Cooler

It’s almost Scottish this morning – a cool 29 deg. C  as at 7.35 am.

This is probably the coolest it’s been since I got here . It’s almost cool enough to turn the air-conditioning off.

So I’m off for my therapeutic wallow at Saeng Chan. beach. It’s doing the scrapes from the bike accident no end of good.

What I love about Thailand – Part 1

The architecture

Thais have a style of their own.

It often involves wild colour combinations. I see it in electronic documents, advertising, and especially the architecture.

Here’s where they’ll use vivid pastel colours you won’t find in a Dulux catalogue.

No doubt there’s a simple and widely-known explanation for how these colours are achieved, but I don’t yet know it. Each case of this technique seems to produce a unique colour, which suggests that it’s manually ‘brewed’.

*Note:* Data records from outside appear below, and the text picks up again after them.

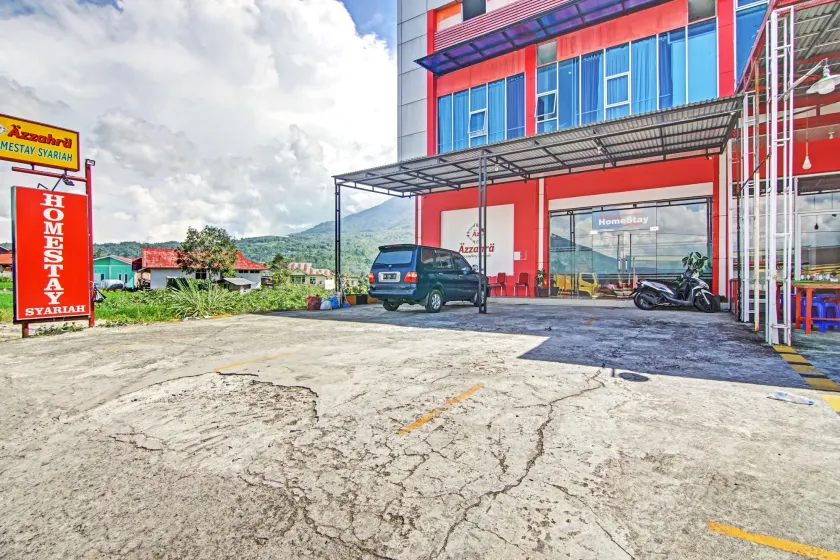 Hotel O Bukittinggi near Padang Luar formerly New Aedo - Image 1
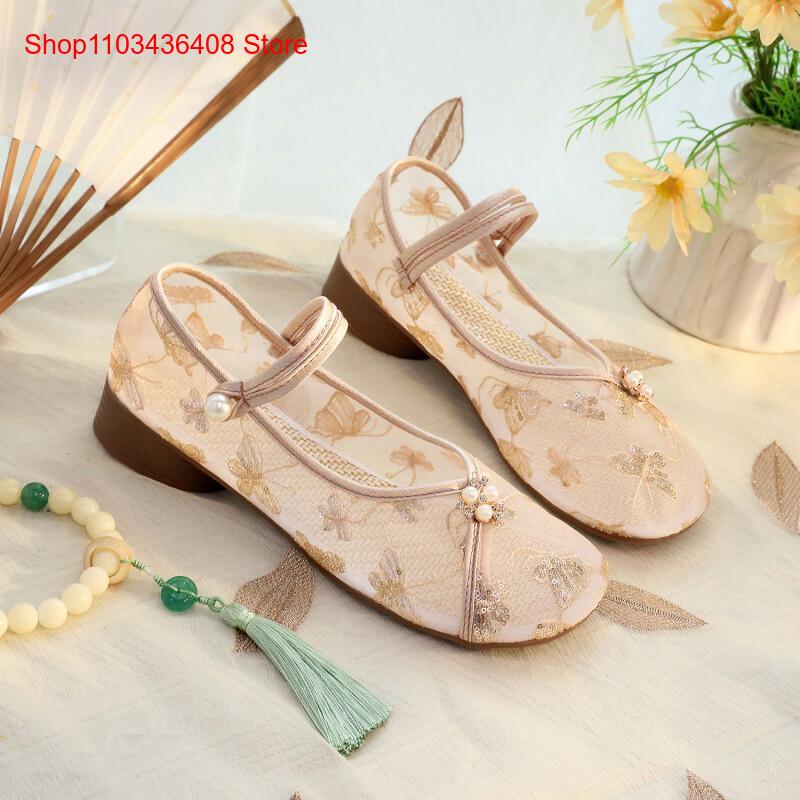 Sepatu Hak Rendah Jaring Baru  - Embroidery Canvas ulasan dan harga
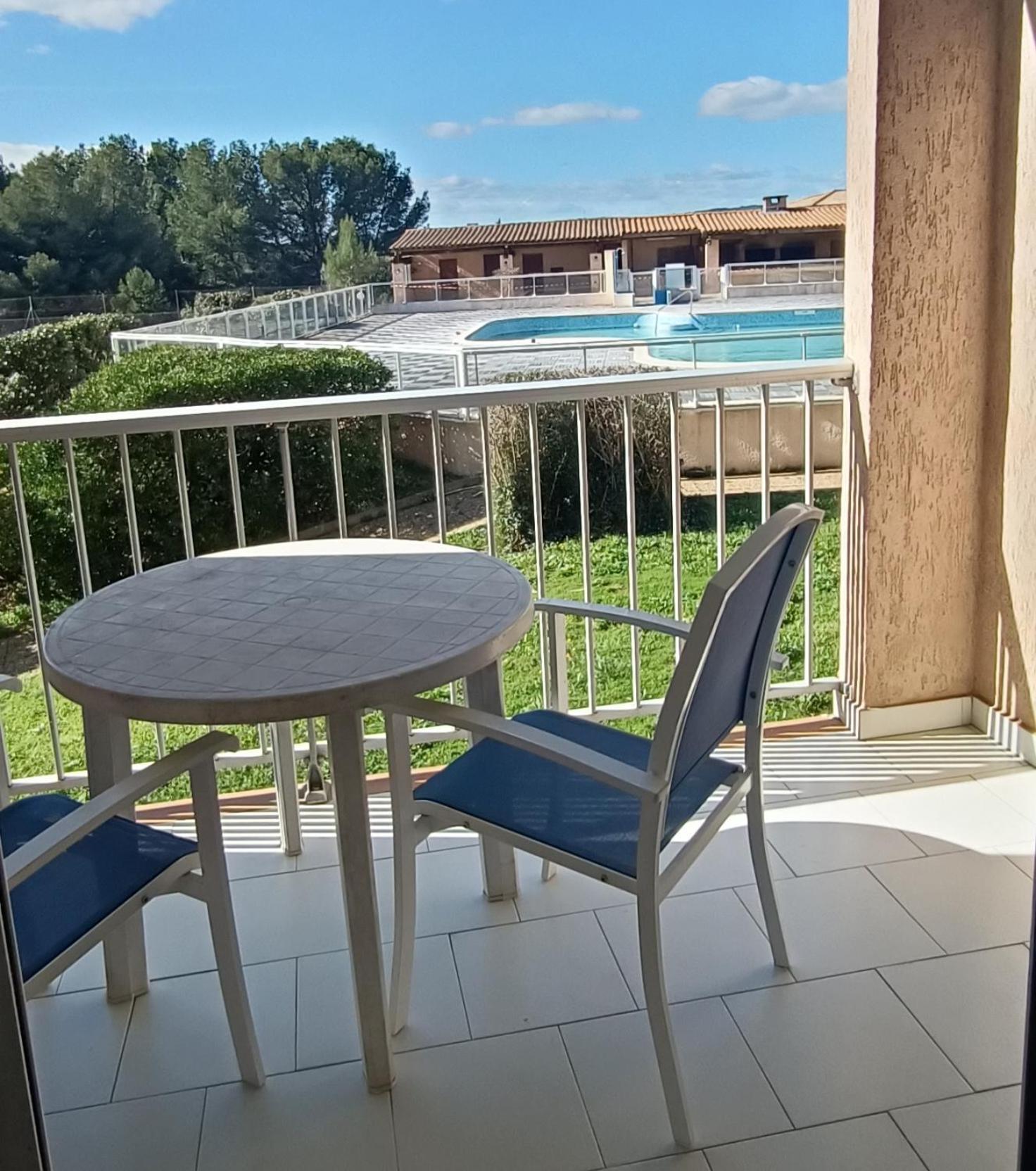 Apartment Cosy Pour Curistes Avec Terrasse, Vue Sur Piscine Balaruc-les-Bains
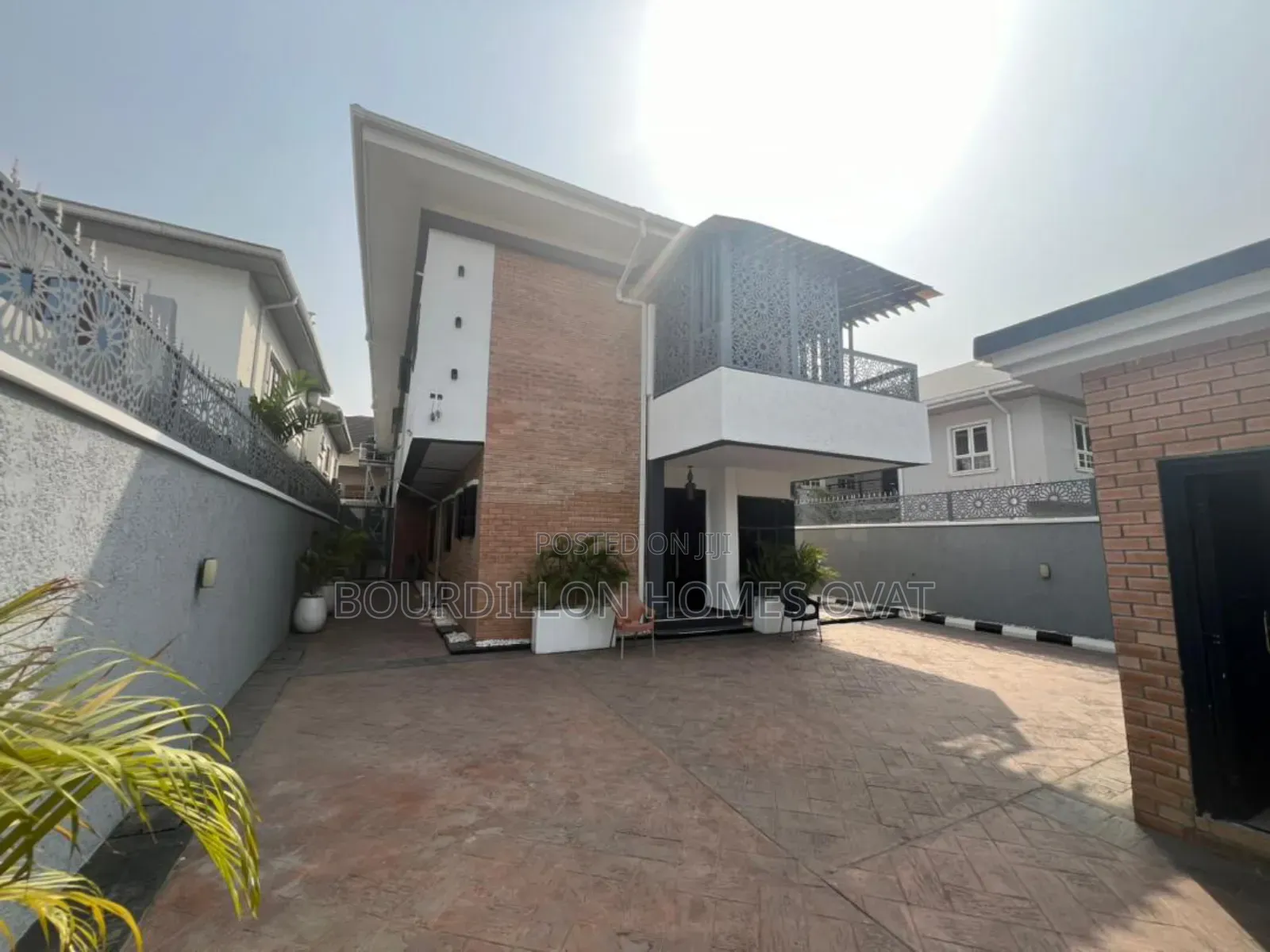 5bdrm Duplex in Lekki Phase 1 for rent in Lekki Phase 1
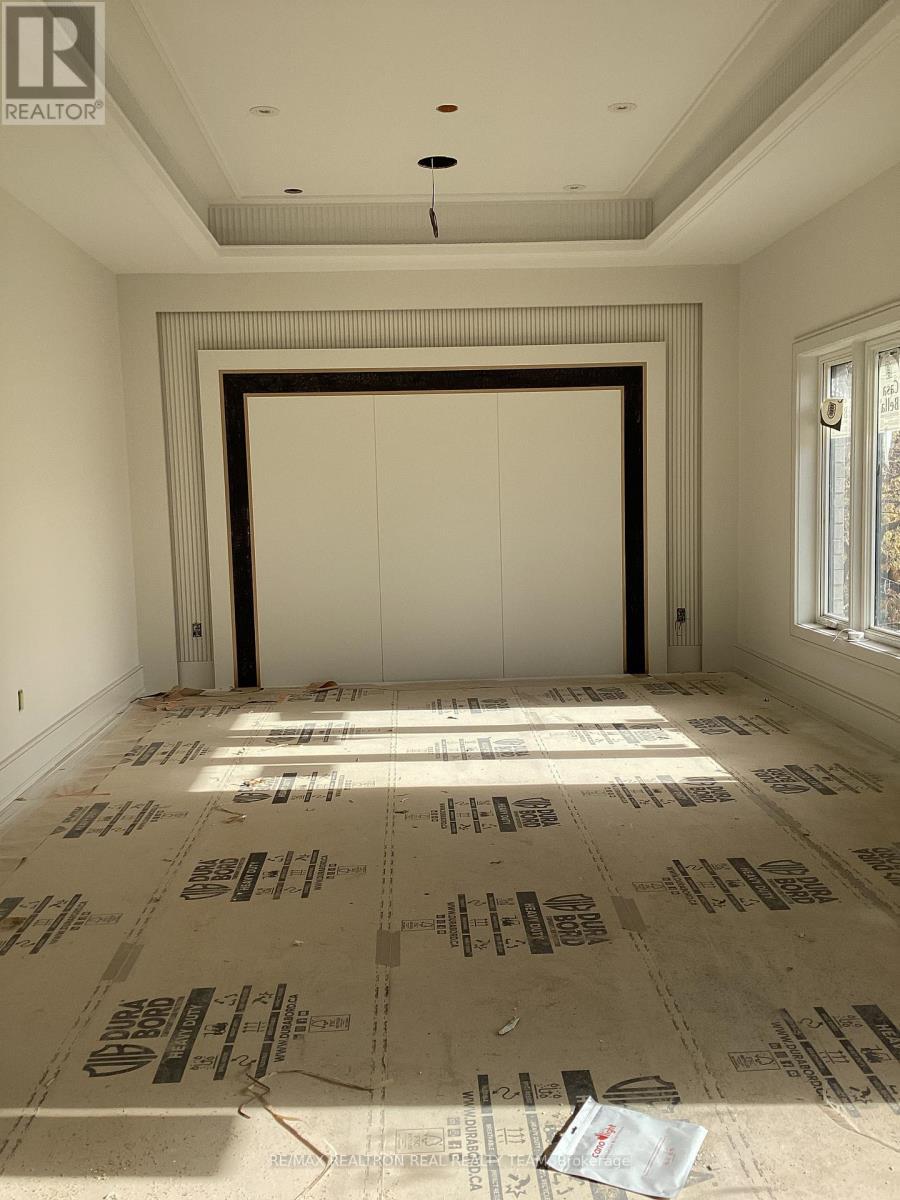 2 Palomino Crescent, Toronto, ON - Indoor Photo Showing Other Room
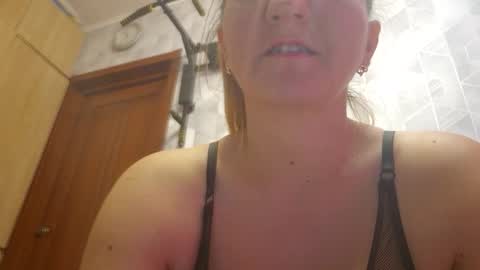 estrellawalters online show from 09-30-25, 07:35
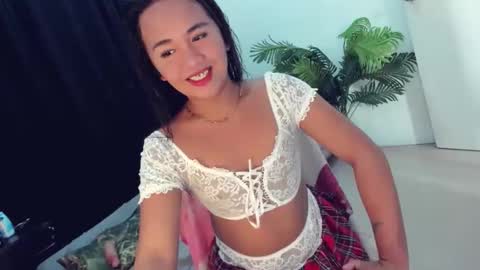 Snapshot of _lovelyyan69_ chatting on November 2025 04:44:01 AM _lovelyyan69_ online show from November 2025 04:44:01 AM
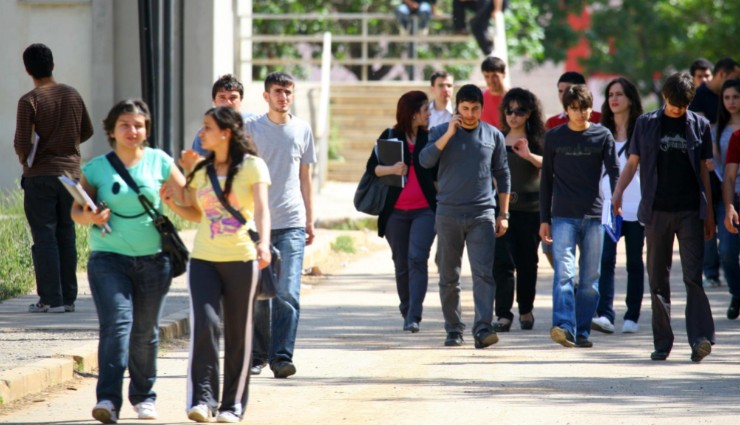 Öğrencilerin Yüzde 38'i Mesleğini Yapmıyor!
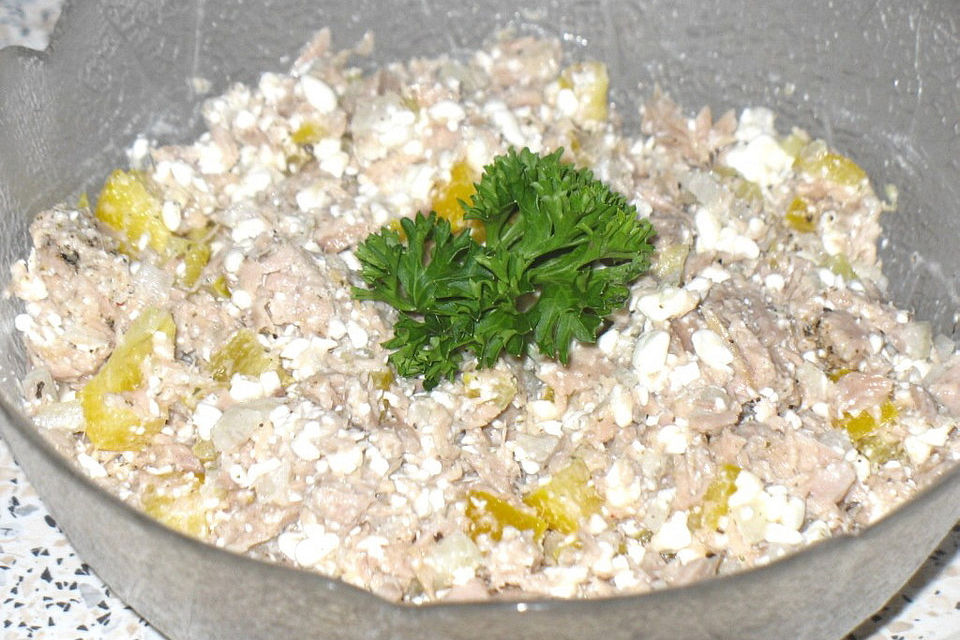 Thunfisch-Hüttenkäse-Salat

Below is a small sample. The buildings shown are all within a circle maybe 5km across.

Watch this space, I’ll add images to this post as I collect them.

Back to the Future

I’m headed back tomorrow to the Wiang Walee Hotel, the same one I landed in when I first arrived in Rayong.

It’s cheaper , basically. Rent savings will be 1500 baht / month, and electricity savings about 500 baht / month. I found out recently that the wholesale electricity rate is 3 baht / unit charged by the Government. Apartment owners typically gouge tenants at the rate of 7 baht / unit. Which is a 2000 baht / month difference, in my case.

The Wiang Walee isn’t glamorous, but it is close to the school, comfortable, and liveable. It has shelf space. I’ll have to splash out a little ( a small table maybe, etc ), but should be able to make some decent savings.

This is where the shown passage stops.